* **Supplied information**:

::::

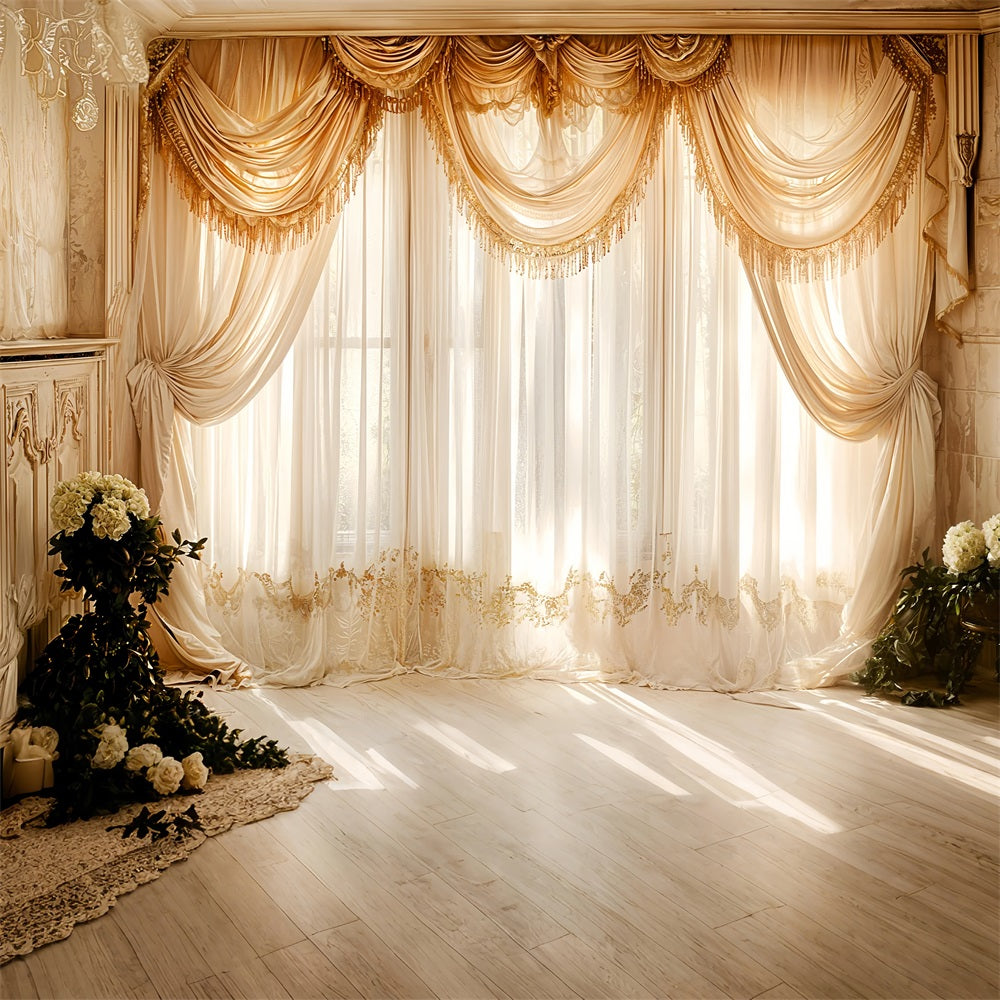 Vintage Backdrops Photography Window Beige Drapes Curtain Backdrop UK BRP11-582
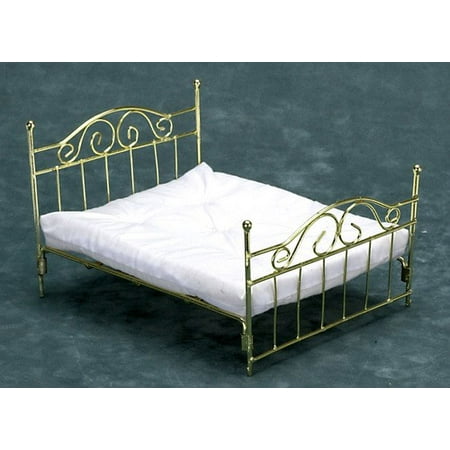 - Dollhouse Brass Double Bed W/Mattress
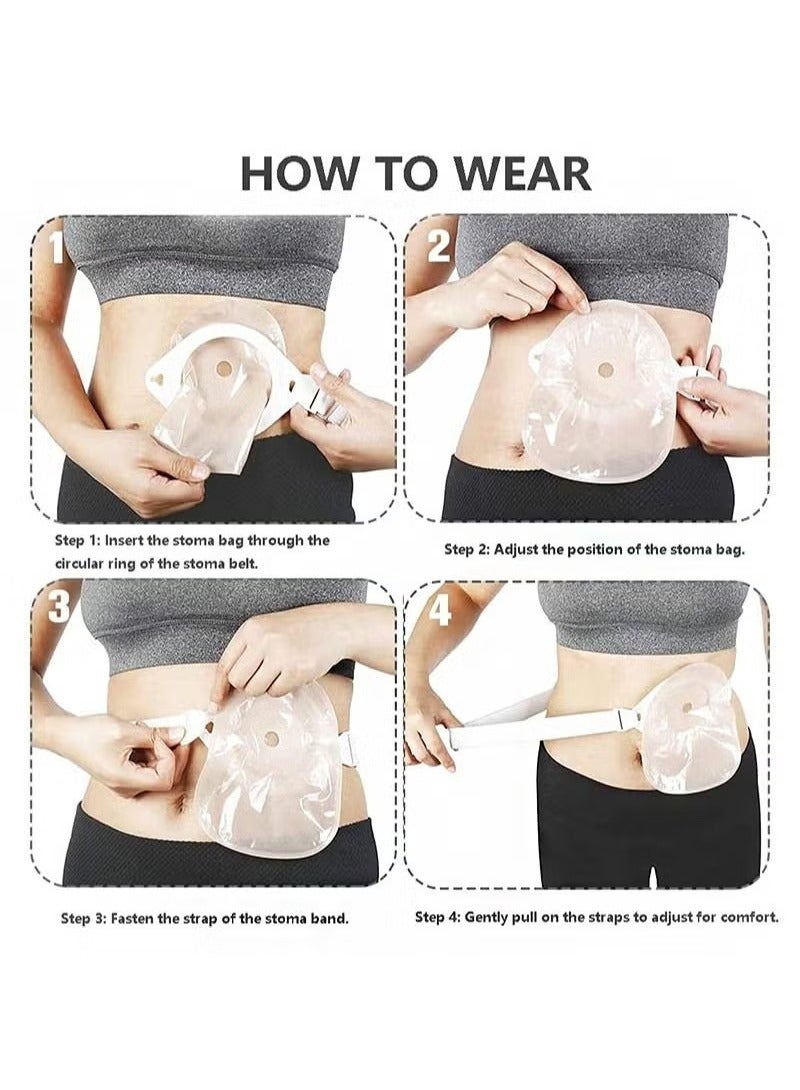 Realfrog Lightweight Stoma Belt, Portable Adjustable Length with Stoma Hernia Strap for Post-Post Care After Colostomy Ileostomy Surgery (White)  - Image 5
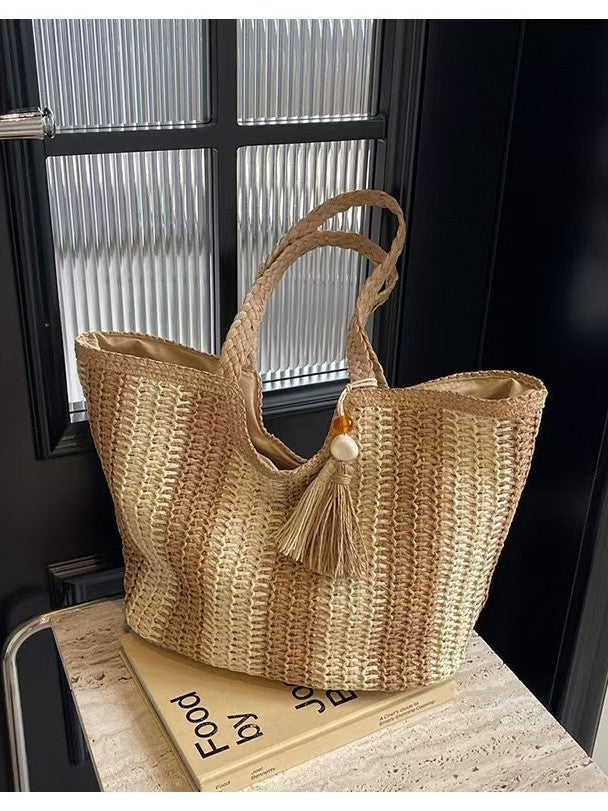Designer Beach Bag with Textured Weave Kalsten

::::

* **Task goal**: Repeat the data in full and exactly. Omit pictures.

* **Response**:
 Vintage Backdrops Photography Window Beige Drapes Curtain Backdrop UK BRP11-582
 - Dollhouse Brass Double Bed W/Mattress
 Realfrog Lightweight Stoma Belt, Portable Adjustable Length with Stoma Hernia Strap for Post-Post Care After Colostomy Ileostomy Surgery (White)  - Image 5
Designer Beach Bag with Textured Weave Kalsten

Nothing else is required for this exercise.